Established in 1997 to support the visual arts mainly in B.C.
stan-douglas
Photographic artist Stan Douglas, left, with Michael Audain after being awarded the $100,000 Audain Prize for Visual Art.

An artist who is known for his photo, film and video installations that examine social reality and history was awarded the Audain prize Monday night.

Stan Douglas, a contemporary artist, was given the $100,000 cash prize before a packed ballroom at the Vancouver Club.

The Audain foundation also announced the funding of five travel awards worth $7,500 each for students in university-level visual arts programs in British Columbia.

Established in 1997 to support the visual arts mainly in B.C., the Audain foundation says it has issued more than $120 million in grants.

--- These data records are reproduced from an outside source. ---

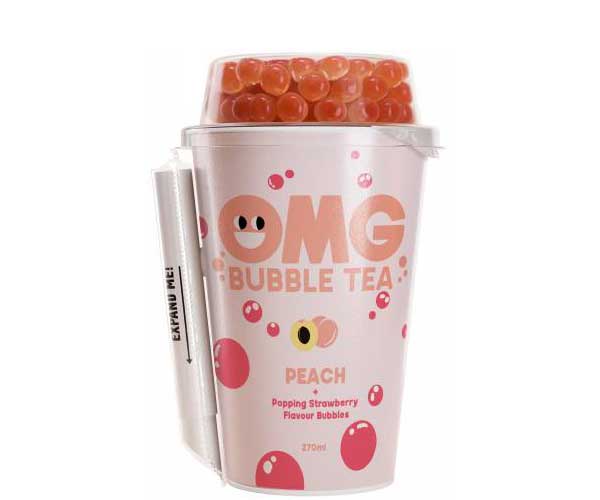 BUBBLE TEA ALLA PESCA ML.270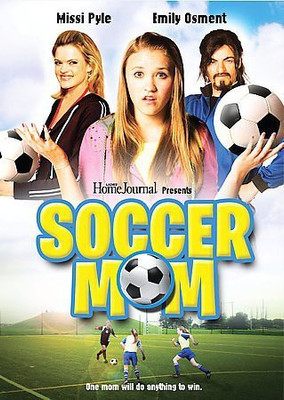 

SOCCER MOM(DVD English)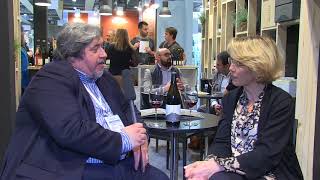 Valeria Agosta, Palmento Costanzo, con l’Etna Rosso Nero di sei al Vinitaly 2018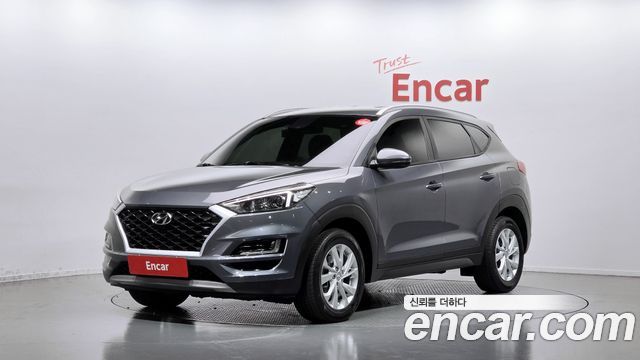 Hyundai Tucson Diesel 2.0 2WD Modern 2019 — фото 1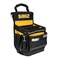 DEWALT Tool Bag Easy Access Small Tool Pouch with Hard Bottom and Carrying Strap DWST17624
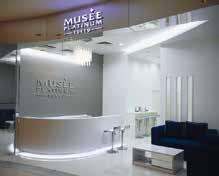 Best Hair Removal Musee Platinum Tokyo Nothing speaks precision and hygiene the way the colour white does, and Musee Platinum has its interior decorated as such to remind you that there s a reason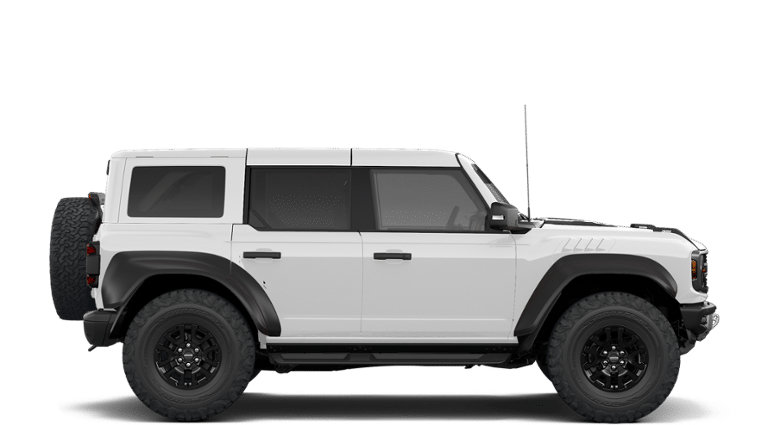New 2026 Ford Bronco Raptor AWD/4WD image 62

It says the foundation now includes grants for wildlife conservation with a special emphasis on grizzly bears.

The Audain prize is now one of three annual, six-figure Canadian cash arts awards, with the other two being the Giller prize celebrating excellence in Canadian fiction and the Sobey art award for a contemporary Canadian artist under the age of 40.

This year's selection committee included Curtis Collins (chief curator at the Audain Art Museum in Whistler), Kathleen Bartels (former director of the Vancouver Art Gallery), Scott Watson (director of the Belkin Art Gallery at UBC), John Tupper (director of the Art Gallery of Greater Victoria) and artist Susan Point, who won the award in 2018.

Past Audain Prize recipients include Susan Pointe Kipling, E.J. Hughes, Eric Metcalfe, Gordon Smith, Jeff Wall, Liz Magor, Robert Davidson, Rodney Graham, Marian Penner Bancroft, Takao Tanabe, Gathie Falk, Fred Herzog, Michael Morris, Paul Wong, and Carole Itter.